(Stored records)
- - -

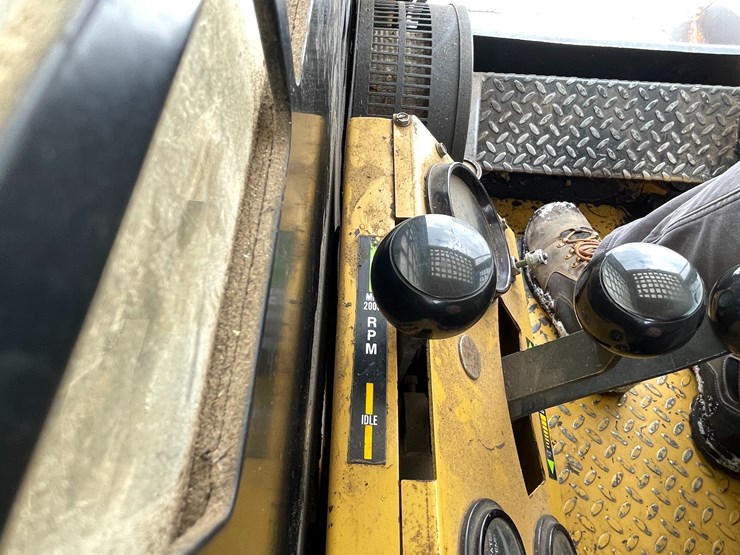 #7564-•-asv-track-loader-with-posi-track-image-31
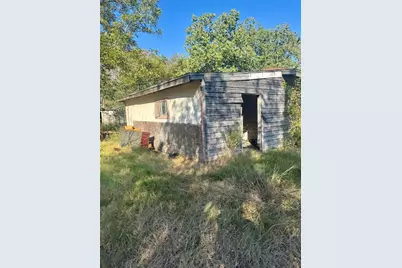 117 Charles Street, Cuero, TX 77954 - Photo 2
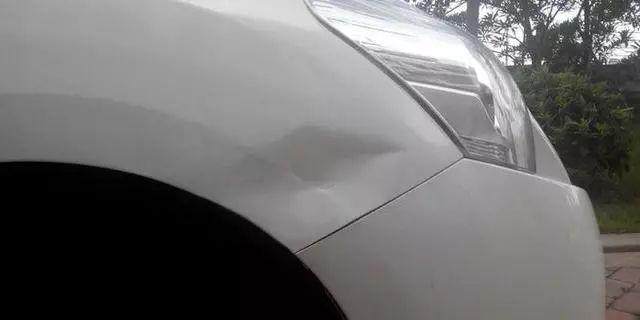 小哥参照网上教程修复汽车凹陷,修完后惨不忍睹 小哥参照网上教程修复汽车凹陷,修完后惨不忍睹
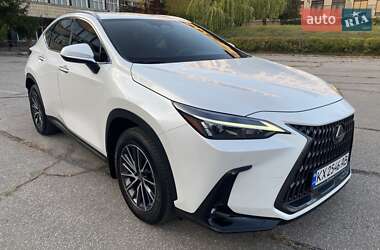 Внедорожник / Кроссовер Lexus NX 2021 в Киеве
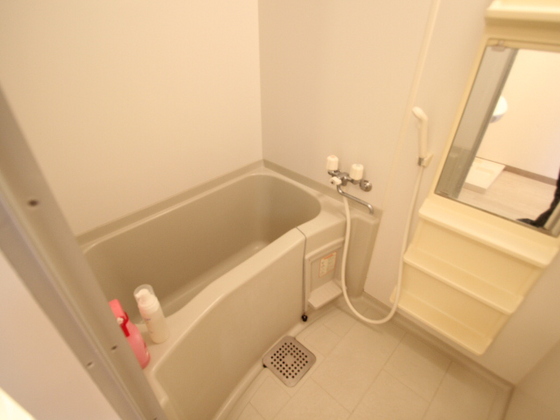 バス・シャワールーム　※別号室の写真です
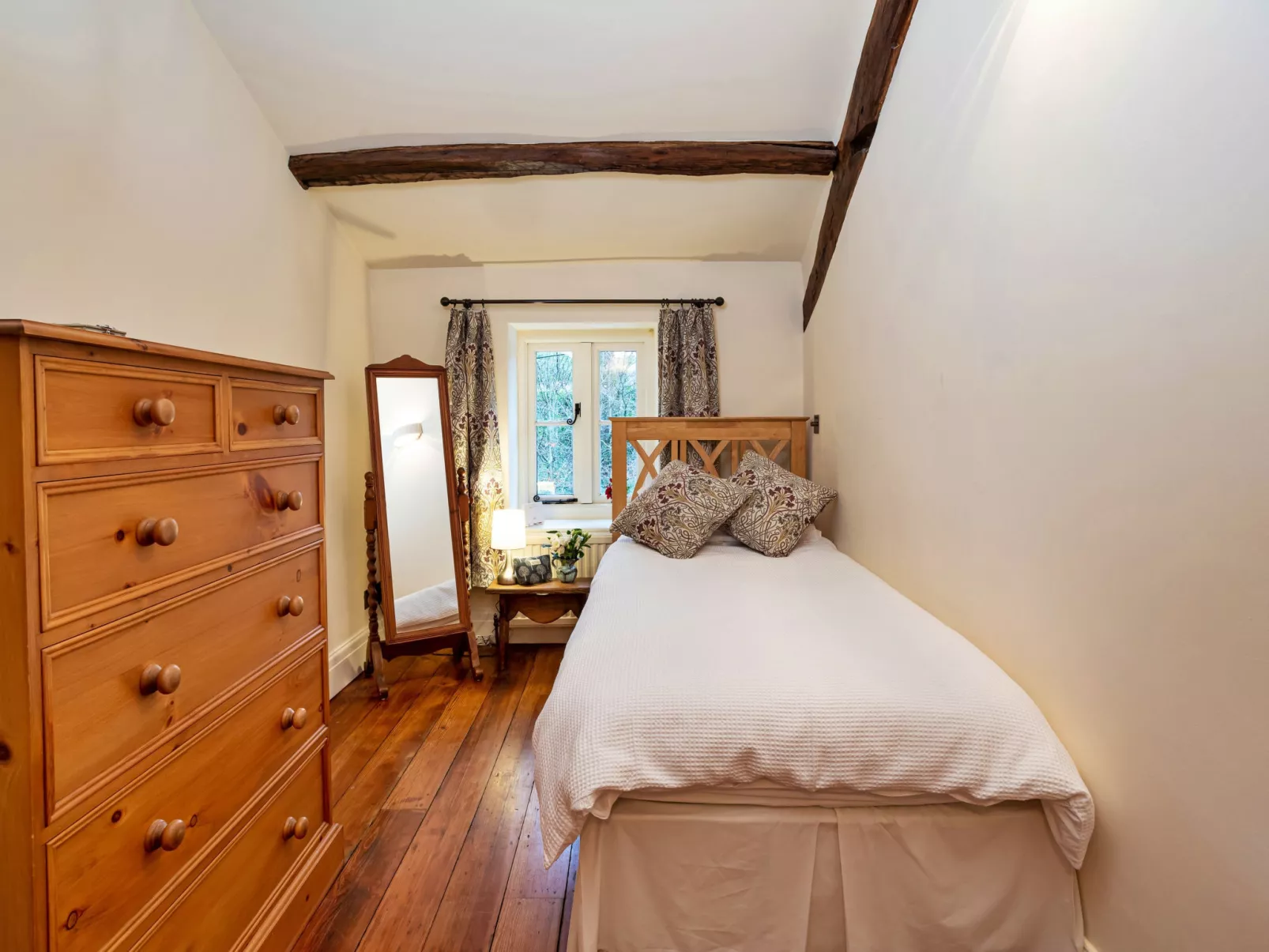 Two Storrs Cottages-Inside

- - -

▶ _About this exercise_:
Quote, without alteration, the lines running from the line containing "バス・シャワールーム　※別号室の写真です" to the last line of the entries, and include no pictures.

▶ _Result of the exercise_:
 バス・シャワールーム　※別号室の写真です
 Two Storrs Cottages-Inside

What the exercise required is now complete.